だから、嫌いなのだ。 女になんてなりたくない。 男になんて抱かれたくない。 許されるなら今すぐにでも男の体に戻りたい。
―――あたし……こんな不安を抱えたまま二ヶ月も三ヶ月も過ごさなきゃならないの?
「たくやくん、ごめ〜ん! 現実に戻ってきて〜! あんまり深く考えないで〜!!!」
「あ……うん、大丈夫。気にしないで」
八重子に声を掛けられて意識は現実に引き戻されたものの、一度認識してしまった不安は深呼吸したところで拭い去る事は出来ない。 これはマズいな……そう思い始めていた矢先、不意に八重子がパンっと両手を打ち鳴らすと、
「じゃあさ、たくやくんは女の子を楽しむってのはどう!?」
「………レズれと?」
「違いますー! そういうエッチな意味じゃなくて、女であることを楽しむ的な?」
言い直されても、よくわからん。
「例えばお洒落とか、スイーツバイキングとか、彼氏づくりとか♪」
「いや、男はちょっと」
「まぁ話を聞きなさいって。たくやくんさぁ、女の子になれるのって今度が最後なんでしょ?」
「う〜ん……たぶんそうかな。将来は遺伝子研究の道に進みたいから、もしかしたら自分で性転換薬を再現するかもしれないし、絶対とは言い切れないけど」
「そんな細かい事はどうでもいいって。つまりは、宮野森の学生でいる間の最後の女の子期間なんだから、いっぱい思い出作ろうよ♪ 女の子だって楽しいって、私が色々教えてあげるから♪」
「そっか……思い出……女の体での思い出ねぇ……」
考えてみれば、女の体でいる時は慌ただしくて楽しい思い出を作ろうにも作れなかった。 そんな事では悪い記憶しか残せず、トラウマの一つや二つはこさえてしまうのも頷ける。 セックスだって……女のままでずっといたいと思うぐらい気持ちいい思いをしたのは間違いないんだし、女のまま長く過ごすというのなら思い出作りというのはありかもしれない。
でも、
「よーし、決まりね♪ 私も気合入れてたくやくんを連れ回しちゃうから覚悟して………あ、ちょっと待って、今何時……」
そう言って左手首の可愛らしいデザインの腕時計に目を向けた八重子は、
「あああああああああああああああああああああああああああああああああああっ! やばい、待ち合わせの十分前!?」
叫び声をあげると、慌てて席から立ち上がった。
「ごめん、たくやくん。私、この後待ち合わせがあるから、もう行くね!」
「何か用事があったの? 言ってくれてたらよかったのに!」
「用事と言えば用事なんだけど……ちょっと恋活ね?」
「こいかつ?」
「そう、恋活、素敵な恋愛相手を探す活動を略して“恋活”。ほら」
八重子がスマホをちょいちょいっと弄ってから掲げると、そこには八重子の顔写真と、名前な趣味などのプロフィールが掲載されていて……ていうかそれって、
「まさか出会い系!?」
「違いますー! マッチングアプリですー!……って言ってる場合じゃなかった! この埋め合わせはまた今度ね!」
「ちょっと八重子、話がまだ―――!?」
慌てて引き留めようとしたけれど、八重子はあたしの伸ばした手をスルリと躱し、喫茶店の店主さんに騒がせたことを謝罪しながら店から飛び出していってしまった。 もちろん伝票は机の上に残されたまま……つまり全額あたしの支払い確定である。

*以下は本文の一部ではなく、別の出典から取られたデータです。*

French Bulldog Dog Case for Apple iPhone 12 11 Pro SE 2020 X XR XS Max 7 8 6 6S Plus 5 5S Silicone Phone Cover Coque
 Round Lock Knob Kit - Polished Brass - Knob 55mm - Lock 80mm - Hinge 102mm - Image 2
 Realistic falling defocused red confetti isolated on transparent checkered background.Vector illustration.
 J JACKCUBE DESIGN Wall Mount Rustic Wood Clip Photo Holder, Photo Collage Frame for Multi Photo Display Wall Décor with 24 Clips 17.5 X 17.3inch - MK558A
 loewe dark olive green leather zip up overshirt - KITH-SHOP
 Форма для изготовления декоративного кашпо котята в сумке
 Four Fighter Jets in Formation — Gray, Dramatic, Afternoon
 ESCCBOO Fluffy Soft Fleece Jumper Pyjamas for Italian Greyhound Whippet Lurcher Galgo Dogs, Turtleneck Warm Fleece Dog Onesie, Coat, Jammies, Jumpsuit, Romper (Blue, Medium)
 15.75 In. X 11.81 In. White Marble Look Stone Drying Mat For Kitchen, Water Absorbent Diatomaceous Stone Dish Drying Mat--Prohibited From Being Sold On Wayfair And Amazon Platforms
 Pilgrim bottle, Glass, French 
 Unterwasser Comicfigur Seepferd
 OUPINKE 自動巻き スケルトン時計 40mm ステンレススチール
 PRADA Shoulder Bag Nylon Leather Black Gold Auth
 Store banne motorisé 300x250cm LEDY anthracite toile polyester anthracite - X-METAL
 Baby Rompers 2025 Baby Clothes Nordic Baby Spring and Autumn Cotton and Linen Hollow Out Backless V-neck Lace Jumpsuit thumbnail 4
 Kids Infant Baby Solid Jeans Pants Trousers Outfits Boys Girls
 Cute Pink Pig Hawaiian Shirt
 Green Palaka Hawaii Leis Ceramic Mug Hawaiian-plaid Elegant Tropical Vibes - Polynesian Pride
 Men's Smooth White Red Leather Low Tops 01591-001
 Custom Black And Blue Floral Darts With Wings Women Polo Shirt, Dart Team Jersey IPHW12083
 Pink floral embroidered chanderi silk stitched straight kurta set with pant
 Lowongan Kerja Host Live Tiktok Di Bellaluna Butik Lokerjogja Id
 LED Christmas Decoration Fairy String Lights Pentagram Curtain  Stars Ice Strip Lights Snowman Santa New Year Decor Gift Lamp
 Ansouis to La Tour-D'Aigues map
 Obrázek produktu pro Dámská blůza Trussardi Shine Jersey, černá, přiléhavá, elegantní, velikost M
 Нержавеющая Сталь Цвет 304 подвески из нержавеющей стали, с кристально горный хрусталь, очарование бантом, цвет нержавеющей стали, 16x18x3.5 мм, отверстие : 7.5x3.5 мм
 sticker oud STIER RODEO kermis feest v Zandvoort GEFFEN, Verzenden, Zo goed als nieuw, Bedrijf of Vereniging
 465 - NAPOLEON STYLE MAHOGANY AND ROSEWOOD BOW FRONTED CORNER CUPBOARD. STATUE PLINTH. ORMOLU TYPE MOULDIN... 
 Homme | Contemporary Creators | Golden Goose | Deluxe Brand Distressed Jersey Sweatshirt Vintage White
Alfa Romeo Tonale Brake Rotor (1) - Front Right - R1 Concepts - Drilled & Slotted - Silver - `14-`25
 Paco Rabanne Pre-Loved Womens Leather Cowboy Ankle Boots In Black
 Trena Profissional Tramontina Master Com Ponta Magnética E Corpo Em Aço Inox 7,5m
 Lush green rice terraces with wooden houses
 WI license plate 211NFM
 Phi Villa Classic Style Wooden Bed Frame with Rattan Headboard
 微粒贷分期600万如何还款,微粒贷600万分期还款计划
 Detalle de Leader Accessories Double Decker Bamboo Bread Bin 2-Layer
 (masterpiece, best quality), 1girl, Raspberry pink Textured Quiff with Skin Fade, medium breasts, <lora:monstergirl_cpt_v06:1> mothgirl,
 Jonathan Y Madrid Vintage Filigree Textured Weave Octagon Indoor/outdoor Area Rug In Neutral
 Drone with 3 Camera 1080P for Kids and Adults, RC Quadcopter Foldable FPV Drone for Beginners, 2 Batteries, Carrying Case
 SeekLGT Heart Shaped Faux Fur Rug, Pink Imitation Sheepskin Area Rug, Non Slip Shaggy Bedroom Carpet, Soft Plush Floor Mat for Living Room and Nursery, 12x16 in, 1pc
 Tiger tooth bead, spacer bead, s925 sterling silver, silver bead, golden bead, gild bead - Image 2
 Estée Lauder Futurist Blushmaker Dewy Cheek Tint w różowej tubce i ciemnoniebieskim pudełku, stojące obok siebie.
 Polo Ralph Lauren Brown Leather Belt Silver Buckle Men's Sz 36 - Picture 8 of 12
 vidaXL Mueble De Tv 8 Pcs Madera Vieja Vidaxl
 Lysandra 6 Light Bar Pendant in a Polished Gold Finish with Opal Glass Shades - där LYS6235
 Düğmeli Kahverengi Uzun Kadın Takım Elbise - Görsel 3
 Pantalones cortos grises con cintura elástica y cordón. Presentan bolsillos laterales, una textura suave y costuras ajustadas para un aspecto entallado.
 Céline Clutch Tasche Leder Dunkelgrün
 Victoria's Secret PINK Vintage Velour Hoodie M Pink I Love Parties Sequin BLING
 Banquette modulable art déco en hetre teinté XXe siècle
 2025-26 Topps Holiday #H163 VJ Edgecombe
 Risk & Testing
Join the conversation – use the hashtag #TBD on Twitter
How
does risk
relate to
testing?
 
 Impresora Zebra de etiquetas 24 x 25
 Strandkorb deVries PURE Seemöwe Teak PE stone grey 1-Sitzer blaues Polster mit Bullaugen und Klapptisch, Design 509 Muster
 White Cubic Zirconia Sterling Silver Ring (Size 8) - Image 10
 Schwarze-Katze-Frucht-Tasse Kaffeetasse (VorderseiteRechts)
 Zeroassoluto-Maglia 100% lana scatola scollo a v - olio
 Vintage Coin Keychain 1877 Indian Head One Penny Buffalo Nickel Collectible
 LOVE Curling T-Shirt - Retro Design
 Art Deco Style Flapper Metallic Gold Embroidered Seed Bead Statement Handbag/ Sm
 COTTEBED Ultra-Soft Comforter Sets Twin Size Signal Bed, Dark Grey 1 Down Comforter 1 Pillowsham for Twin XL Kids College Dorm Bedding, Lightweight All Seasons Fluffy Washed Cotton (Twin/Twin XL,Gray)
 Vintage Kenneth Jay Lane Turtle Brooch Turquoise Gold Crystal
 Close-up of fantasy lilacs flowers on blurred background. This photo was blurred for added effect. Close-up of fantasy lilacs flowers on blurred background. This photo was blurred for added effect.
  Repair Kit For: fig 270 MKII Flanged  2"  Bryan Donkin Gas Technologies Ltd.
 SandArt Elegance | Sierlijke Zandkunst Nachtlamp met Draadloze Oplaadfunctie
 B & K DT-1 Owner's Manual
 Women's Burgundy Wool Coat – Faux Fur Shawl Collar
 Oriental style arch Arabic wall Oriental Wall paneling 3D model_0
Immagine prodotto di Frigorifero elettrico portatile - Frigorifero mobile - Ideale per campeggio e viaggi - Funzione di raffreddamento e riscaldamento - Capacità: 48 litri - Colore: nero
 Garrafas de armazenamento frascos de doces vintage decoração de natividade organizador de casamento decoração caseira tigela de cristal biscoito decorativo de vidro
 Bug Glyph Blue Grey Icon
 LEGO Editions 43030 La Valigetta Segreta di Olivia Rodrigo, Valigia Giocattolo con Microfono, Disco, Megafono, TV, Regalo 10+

「まったく、しょうがないんだから……けど八重子がマッチングアプリねぇ……」
席に座り直して大きく息をつくと、友人がマッチングアプリで男とあって何しようとしているのか気になって頭の中がグルグルしてきた。 とりあえず落ち着こうと、運ばれてきてから長い時間が過ぎていてすっかり冷めてしまったコーヒーに手を伸ばす……が、その直前、ソーサーごとカップが宙を浮き、代わりに入れたばかりのコーヒーがあたしの前に置かれた。